I made it. First few hours, already on the skis. 12/26/2018

I made it. First few hours, already on the skis. 12/26/2018

As usual there were a few bumps in the road but I eventually arrived late afternoon at Sage Hen Field Station just outside Truckee, CA. Right now, the sun is rising up over the mountains to the east. Clouds mix with the deep blue sky that reminds me so much of this place. A deep manganese blue like that reflected in Lake Tahoe.

Today I will explore. I’ll put on my skis and see where the trails take me. There are trails all around and I’m likely to run into folks but I’m essentially all alone here. Someone comes by to check on the buildings and the heat but I’ve not seen them yet, only heard them. A little snow is falling from a rogue grey cloud. We may get some weather, a flurry or a dusting, but the forecast is mostly clear for the next 7 days. Even with the clouds above, I’ve not seen this much blue sky in what feels like weeks. Back home in Washington, a grey rain coat has settled in on Puget Sound that likely won’t lift except for the regular yet all too brief bursts of sunshine, until March or April. It’s all right. Water is life.

Plans for today are slowly coming into focus. Explore during the day. Research online about the local ecology, fire history and this evening write all those letters I’ve been putting off. I am anxious, not for my work here at Sage Hen, but for other things that I packed along with me. The solitude granted by this artist residency is just what I need to tackle and complete those other things. When I leave I’ll have completed almost all that is needed. At home a mildly mad dash to assemble new images while also preparing for a new quarter….

But now I am getting way ahead of myself. It’s about time, this project, why I am here.
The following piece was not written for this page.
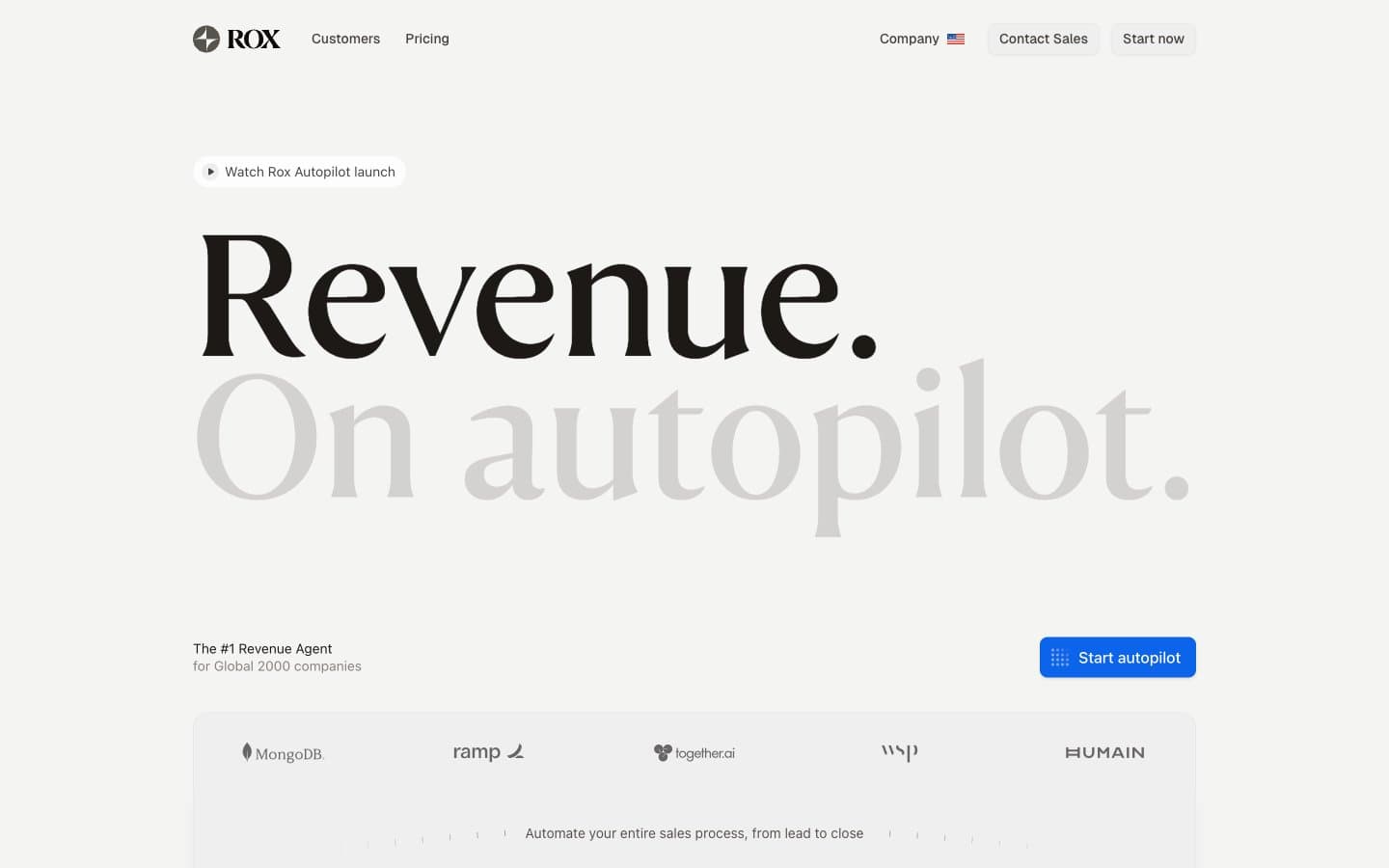 معاينة تصميم موقع Rox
Below is a kind of description for the project at hand, the one that will premier in Seattle this spring/summer!

The road home, for now, Sage Hen Road, Truckee CA.

The road home, for now, Sage Hen Road, Truckee CA.

forest-time

(forest-time) is new eco-feminist sci-fi that begins as a media presentation on fire ecology, past and future in the Pacific Northwest, and gradually devolves into a primal live-cinema performance about sticky entanglements across ecologies, economies and time-scales.

Based on research conducted in the western states of Washington, California, Nevada and British Columbia, Canada (forest-time) will feature human and Ai performances, video, field-recordings, soundscapes and song.

At the center of a layered performance, is an investigation into the idea of Time, how this concept or construct is rendered in a forest, a computer, in a human. How might nonlinear perspectives on time allow us to see beyond anthropocentric, existential hang ups to a less hierarchical and more equitable global society, economy and ecology? If we can see time in the trees more accurately than in a clock what is the point of all these alarms. Time is more material, less linear than we were led to believe. It’s in the sound, in the soil, the trees, the sea, the salmon, the whales, their bones, your bones. Whose time is it anyways? Or is it that time owns us or is there just no such thing? Only a multi-layered infinite now.

Trees can tell us with staggering accuracy what happened in the past by the number and quality of the rings found inside their heartwood and sapwood. It’s called dendrochronology. There’s also dendroclimatology, the study of tree rings to detect environmental patterns like drought and fire.

Now is place-based. It is “here and now” yet place is also the Past especially when we can see it in the earthy material around us. A sundial might come close to telling time but a material sense of time, like that expressed in a forest or a coastline can be more real than any digital or analog display. If you care to look, you can see the past, feel it, pick it up and hold it in your hands.

Fieldwork for this project is nomadic and takes place across time and space, tracing a road taken by many Now moving (myself included) north along the coastline to find work, affordable housing, water, clean air and a livable Future.

Here in the Pacific Northwest, we don't always see the sun, so a sundial is less reliable. Trees can tell time.

Morning ski

Morning ski

Outside by 9 to begin to get the lay of the land. Clouds, snow dusting, sun. I found a fantastic site to study. There are a number of very large wood piles. The 4th one on my ski today was a sight to behold. Trees stacked horizontally in some loose order under a light blanket of snow probably 3 stories high. I need to return to really get a sense of scale. Why were they all cut? Beetles is my summation. Thinning the forest of sick and dying trees to protect the living. But this last stack still had some green in the branches.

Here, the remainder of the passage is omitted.